A polyhedral compiler for expressing fast and portable data parallel algorithms
http://tiramisu-compiler.org
MIT License
916 stars 132 forks source link

[Bug] CPU convolution sample in benchmark runfailed when setting BATCH_SIZE=1 #344

Open SubjectNoi opened 3 years ago

SubjectNoi commented 3 years ago

Env: Ubuntu-18.04 Tiramisu commit: 6512d11a79393ceebf666c34c8d4eb4bf817e7f4

I'm trying the code example to generate CPU Convolution kernel in benchmark/DNN/layers/convolution/direct/cpu/conv_layer_generator_tiramisu.cpp, however, when I set the defined macro BATCH_SIZE to 1, it will trigger a runtime error as following:

./isl_list_templ.c:143: index out of bounds
main: /home/zhliu/workspace/tiramisu/src/tiramisu_core.cpp:5535: int tiramisu::compute_recursively_max_AST_depth(isl_ast_node*): Assertion `node != NULL' failed.
Aborted (core dumped)

And I located this error is triggered at Line: 110, (But I fail to figure out what's the relation between batch size and this output channel blocking that why a change in batch size will cause output channel blocking to fail, maybe it's because the total loop depth decrease by 1 when setting the batch size to 1?):

109:    // Vectorize and unroll
110:   reg_load.vectorize(ffout, FOUT_BLOCKING);    // This line!
111:    conv.vectorize(ffout, FOUT_BLOCKING);
112:    reg_store.vectorize(ffout, FOUT_BLOCKING);
rbaghdadi commented 3 years ago

When you set the size of a loop to 1 that loop will disappear, this will mean that you need to change the other optimizations to take this in consideration.

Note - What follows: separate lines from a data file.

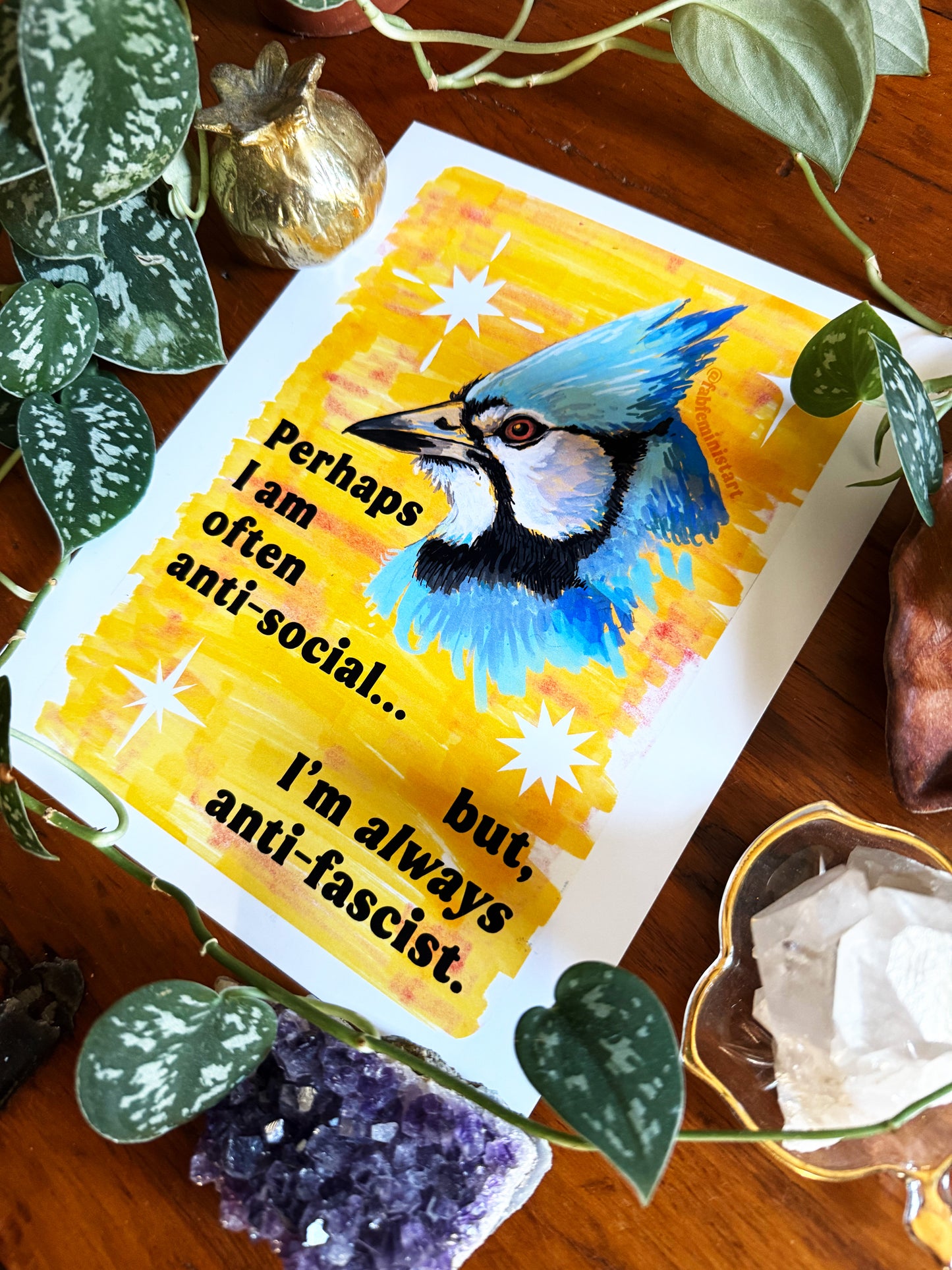 Perhaps I am often anti-social... but I'm *always* anti-fascist: feminist art print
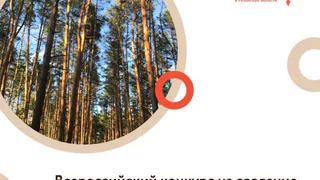 Поддержим Рязанскую красоту: Центр развития туризма заявил проект на эколого-туристский кластер “Паустовский”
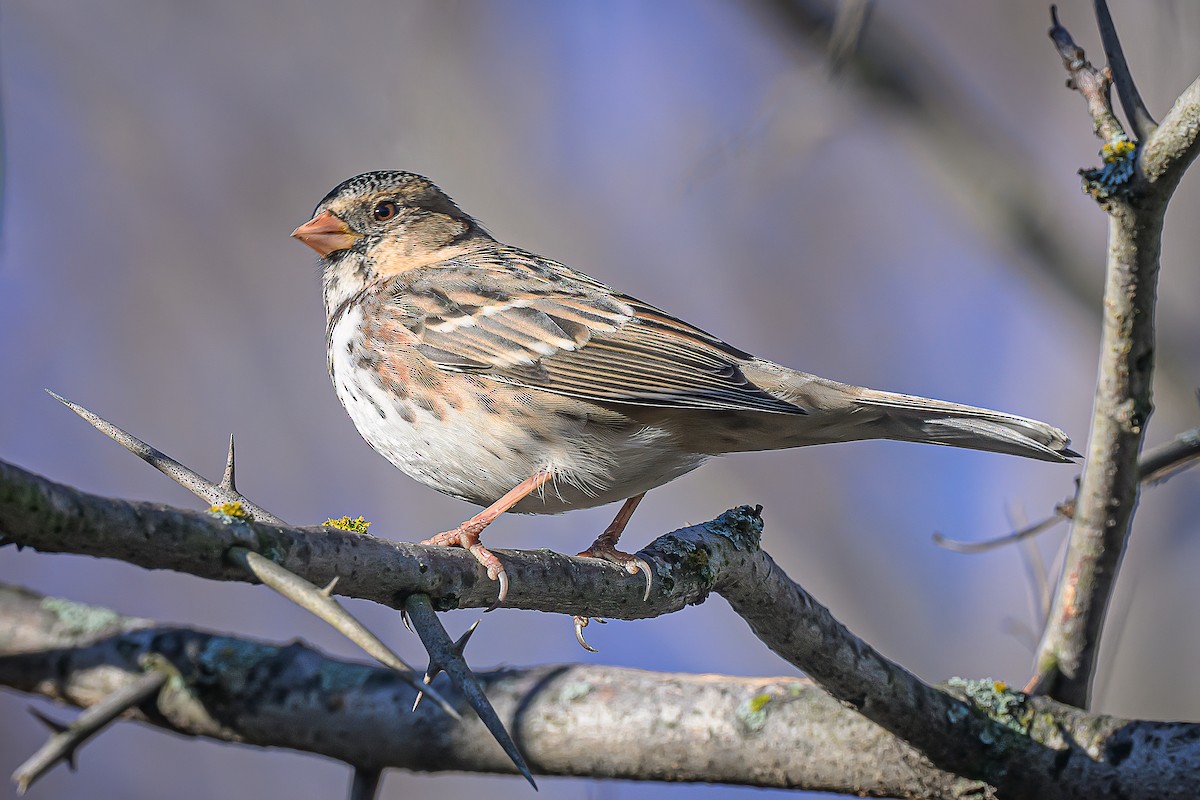 Harris's Sparrow - ML646684914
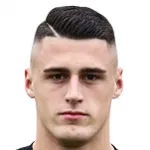 B. Dizdarevic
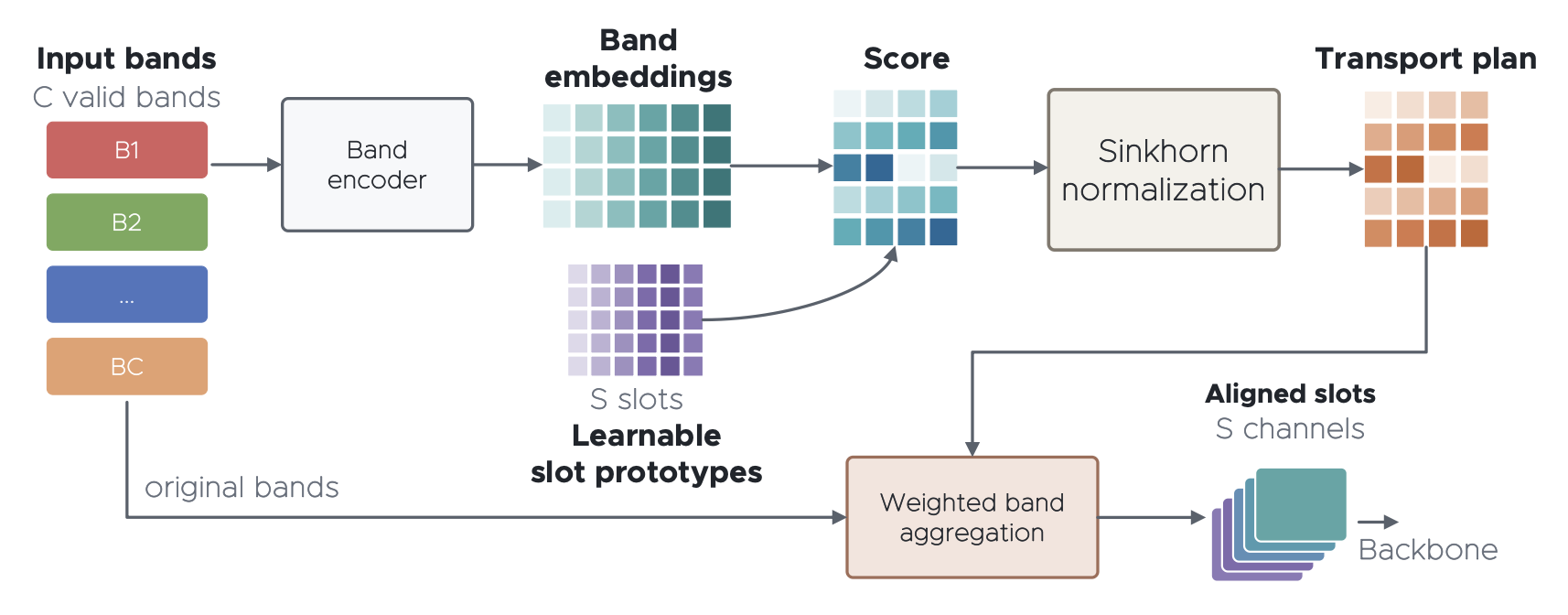 Architecture of the LLaRS multimodal remote sensing foundation model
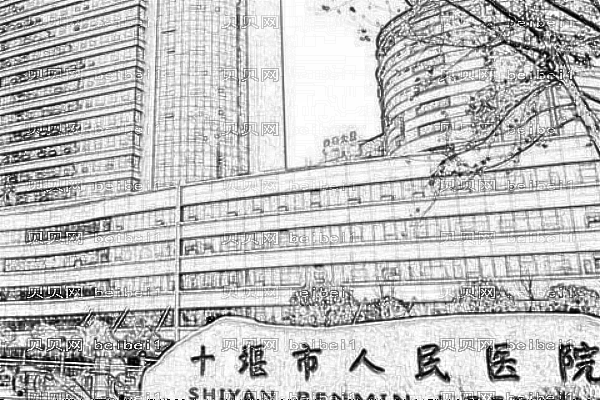 十堰市人民医院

You should in this case use the low level Tiramisu API that uses loop number instead of the API that uses the loop names (the loop names are not more valid in this special case). When you use the loop numbers, you need to take in consideration the fact that the batch loop has disappeared. So now for example instead of vectorizing loop 4 (this is just an example of a loop number), you should vectorize the loop 3, because the old loop 4 is now loop 3.